The integration of scRNA-seq datasets from various sources or technological platforms may be the most typical process for single-cell datasets. A successful integration eliminates the technical bias while preserving the biological variance of the datasets using genes as anchors.

Integrating single-cell RNA-seq and epigenomics

Matching cells are frequently used as anchors in the integration of single-cell RNA-seq data with single-cell ATAC-seq or single-cell methylation data (when the measurements derive from the same cells as in, e.g., 10X Genomics Multiome technology).

More accurate cell type identification and quantification of the relationship between chromatin state and expression in specific cell types are made possible by combining expression data with chromatin accessibility or methylation profiles.

Integrating single-cell RNA-seq and proteomics

Single-cell proteomics provides more precise estimates of the functional states of cells as a complement to scRNA-seq experiments because proteins, not transcripts, are the primary drivers of cellular functions.

Single-cell proteomic profiling, including CITE-seq, flow cytometry, mass cytometry, and mass spectrometry, can be targeted specifically at surface proteins.

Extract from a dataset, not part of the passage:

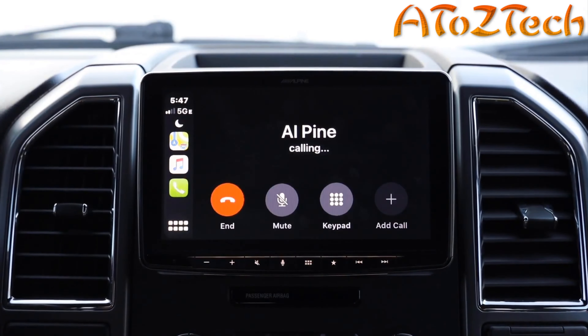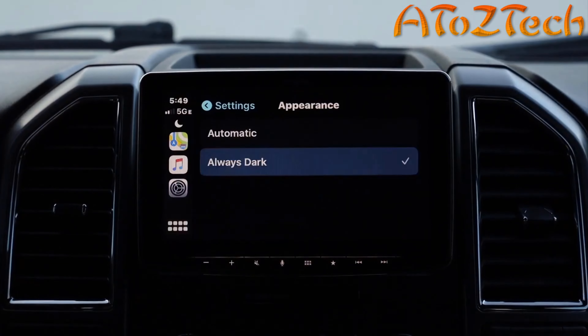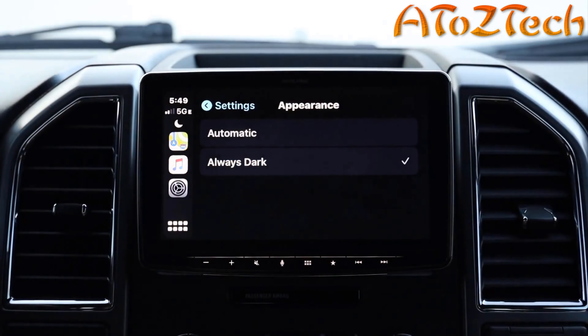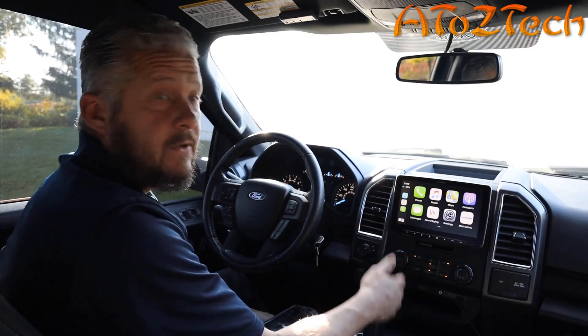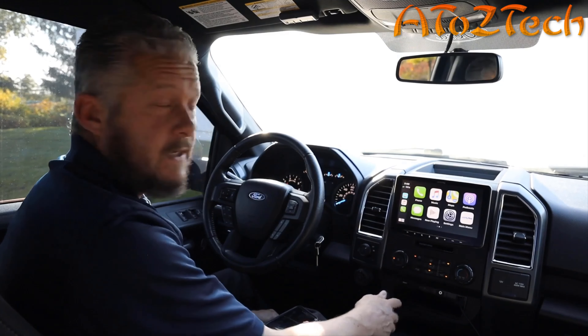Another new feature of iOS 13 is the calendar integration. One of the coolest things about the new calendar feature is how it integrates with Apple Maps. Say I have a dinner tonight with Alpine — I can select that address straight from my calendar, navigate to that location, and even share my ETA to let them know when I'm going to be there.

For example, CITE-seq involves the quantification of a panel of surface proteins from cells with matched scRNA-seq reads.

Surface proteins are especially helpful in identifying the type of cell, and the addition of cytosolic proteins allows for a better understanding of pathway and gene-regulatory activities.

Ligand-receptor analysis

Cell-cell interactions that control homeostasis, development, and other system-level processes are revealed by ligand-receptor (LR) analysis. In an analysis that is only concerned with the internal state of specific cells or cell types, changes and dysfunction in such interactions might go unnoticed.

Analysis of ligand-receptors based on the expression of known receptors and their ligands, identifies and measures intercellular interactions. The strength of this interaction is compared between biological conditions of interest, such as patient groups, disease states, and treatments, and interactions may occur within or between tissues.